Over the span of last weekend, two other NFL teams were abruptly faced with the reality of discovering the value of their head coach’s impact, as first Denver’s John Fox and then Houston’s Gary Kubiak suffered health scares that will require them to take a leave of absence for recuperation. Both the Broncos and Texans are two-time defending division champions, but while Denver is 7-1 and again playoff bound, Houston has slumped to six consecutive losses and a dismal 2-6 record in Kubiak’s eighth season on the job.

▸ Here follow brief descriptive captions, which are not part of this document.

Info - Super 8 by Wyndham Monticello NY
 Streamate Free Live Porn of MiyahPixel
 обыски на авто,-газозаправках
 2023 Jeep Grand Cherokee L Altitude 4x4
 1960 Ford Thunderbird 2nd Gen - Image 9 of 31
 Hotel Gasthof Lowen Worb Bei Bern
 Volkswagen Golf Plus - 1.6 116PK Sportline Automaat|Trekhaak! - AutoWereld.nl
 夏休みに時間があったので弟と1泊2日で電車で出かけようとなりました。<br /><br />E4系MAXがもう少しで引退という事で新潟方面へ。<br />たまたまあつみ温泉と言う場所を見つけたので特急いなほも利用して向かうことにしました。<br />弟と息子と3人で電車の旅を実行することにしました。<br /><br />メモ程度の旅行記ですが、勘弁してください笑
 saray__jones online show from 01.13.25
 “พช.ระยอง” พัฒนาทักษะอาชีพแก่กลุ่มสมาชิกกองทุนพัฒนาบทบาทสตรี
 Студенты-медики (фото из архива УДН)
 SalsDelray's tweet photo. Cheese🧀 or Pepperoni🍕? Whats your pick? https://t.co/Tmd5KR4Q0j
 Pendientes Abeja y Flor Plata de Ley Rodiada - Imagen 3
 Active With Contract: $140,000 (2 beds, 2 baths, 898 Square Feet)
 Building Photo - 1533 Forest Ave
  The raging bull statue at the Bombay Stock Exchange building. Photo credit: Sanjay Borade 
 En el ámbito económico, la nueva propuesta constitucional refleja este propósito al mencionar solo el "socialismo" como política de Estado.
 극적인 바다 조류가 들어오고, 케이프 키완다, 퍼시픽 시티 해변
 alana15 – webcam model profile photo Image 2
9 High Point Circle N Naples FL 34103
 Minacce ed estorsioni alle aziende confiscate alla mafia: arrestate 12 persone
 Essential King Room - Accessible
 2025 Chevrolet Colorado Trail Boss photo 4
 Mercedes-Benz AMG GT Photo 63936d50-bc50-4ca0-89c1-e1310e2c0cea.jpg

Those first-half records may dictate very different results for the Broncos and Texans in the season’s second half, but it was telling just how dramatic a difference Kubiak’s absence immediately made in Houston in Sunday night’s 27-24 loss to the division rival Colts. The Texans, with Kubiak on the sideline and calling plays for new starting quarterback Case Keenum, looked re-energized in the first half against Indianapolis, racing to a 21-3 lead and clearly dominating the Colts. But moments later, Kubiak went to the ground at halftime, suffering from the effects of what has been diagnosed as a “mini-stroke,’’ and was wheeled off the field on a stretcher and taken to a nearby hospital. The shock of that development had an obvious impact on Houston in the second half, as did the change in offensive play-calling, with the Colts rallying to score 24 of the game’s 27 second-half points and win by three. The Texans’ playoff hopes may well be effectively over.
Indianapolis knows well what Houston will be going through, given that head coach Chuck Pagano’s inspiring fight against leukemia last year cost him most of his rookie season with Colts, and led to offensive coordinator Bruce Arians being elevated to interim coach. Arians did superb work in relief of Pagano, and the Colts with rookie quarterback Andrew Luck made the playoffs. With Pagano back to full health, and Arians now head coach in Arizona, the Colts are on the same course this year, with Indy standing 6-2 and in first place in the AFC South at midseason.
Talent may win in the NFL, but as the 2013 season’s first half reminded us again and again, the coaching component may be the most vital ingredient of all. This year more than ever, most of the league’s biggest difference-makers, in ways good and bad, are on the sideline.